Ge (\(Z=32\)) in its ground state electronic configuration has \(x\) completely filled orbitals with \(m_l=0\). The value of \(x\) is \(\dots\dots\dots\).
Show Hint
An orbital is "completely filled" only when it contains 2 electrons. Be careful with partially filled valence subshells like \(4p^2\).
Step 1: Understanding the Concept:
Each subshell \(l\) has \(2l+1\) orbitals with magnetic quantum numbers \(m_l\) ranging from \(-l\) to \(+l\). For every subshell (\(s, p, d, f\)), exactly one orbital has \(m_l=0\). Step 2: Detailed Explanation:
The ground state electronic configuration of Ge (\(Z=32\)) is:
\[ 1s^2 2s^2 2p^6 3s^2 3p^6 4s^2 3d^{10} 4p^2 \]
Let's identify the completely filled orbitals with \(m_l=0\):
- \(1s^2\): One \(s\) orbital (\(m_l=0\)). Completely filled. (1)
- \(2s^2\): One \(s\) orbital (\(m_l=0\)). Completely filled. (1)
- \(2p^6\): Three \(p\) orbitals (\(m_l = -1, 0, +1\)). The \(m_l=0\) orbital is completely filled. (1)
- \(3s^2\): One \(s\) orbital (\(m_l=0\)). Completely filled. (1)
- \(3p^6\): Three \(p\) orbitals (\(m_l = -1, 0, +1\)). The \(m_l=0\) orbital is completely filled. (1)
- \(4s^2\): One \(s\) orbital (\(m_l=0\)). Completely filled. (1)
- \(3d^{10}\): Five \(d\) orbitals (\(m_l = -2, -1, 0, 1, 2\)). The \(m_l=0\) orbital is completely filled. (1)
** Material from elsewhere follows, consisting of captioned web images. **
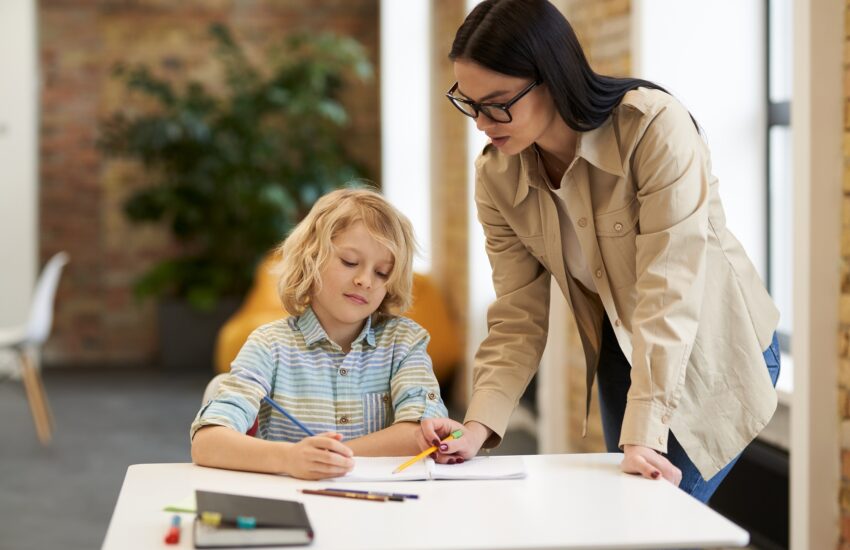 Supportive young female teacher in glasses helping little boy with the task. Kid studying in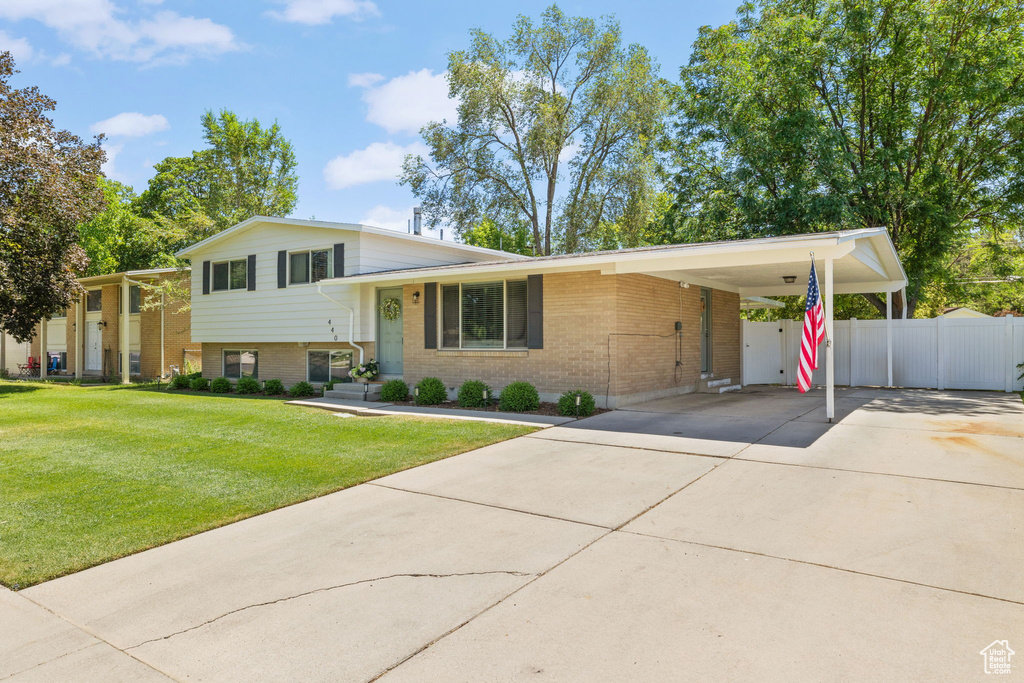 Split level home featuring brick siding, concrete driveway, and a carport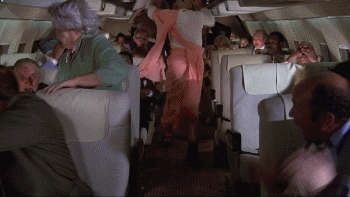 Kitten Natividad Breasts Scene In Airplane NSFW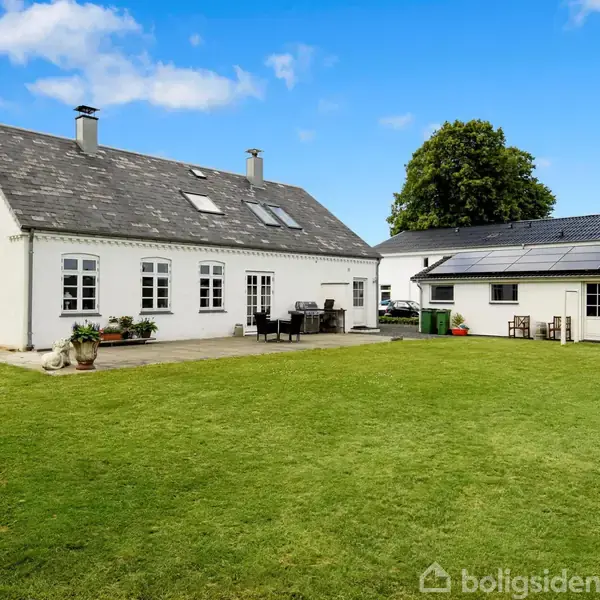 Hvidt hus med gråt tag står på en velplejet græsplæne. Til højre er en tilbygning med solpaneler og terrassemøbler. Blå himmel og træer i baggrunden.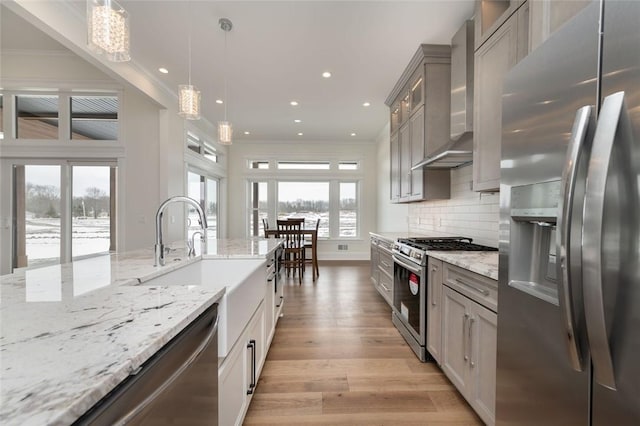 kitchen featuring wall chimney range hood, appliances with stainless steel finishes, ornamental molding, and gray cabinetry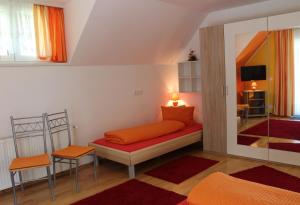 Habitación con cama con almohadas de color naranja en Ferienwohnung am Wörthersee Villa Waldbach, en Krumpendorf am Wörthersee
- \(4p^2\): According to Hund's rule, the 2 electrons occupy separate orbitals (e.g., \(m_l = -1\) and \(m_l = 0\)). The orbital with \(m_l=0\) contains only 1 electron and is thus not completely filled.
Sum of completely filled orbitals with \(m_l=0\): \( 1 + 1 + 1 + 1 + 1 + 1 + 1 = 7 \). Step 3: Final Answer:
The value of \(x\) is 7.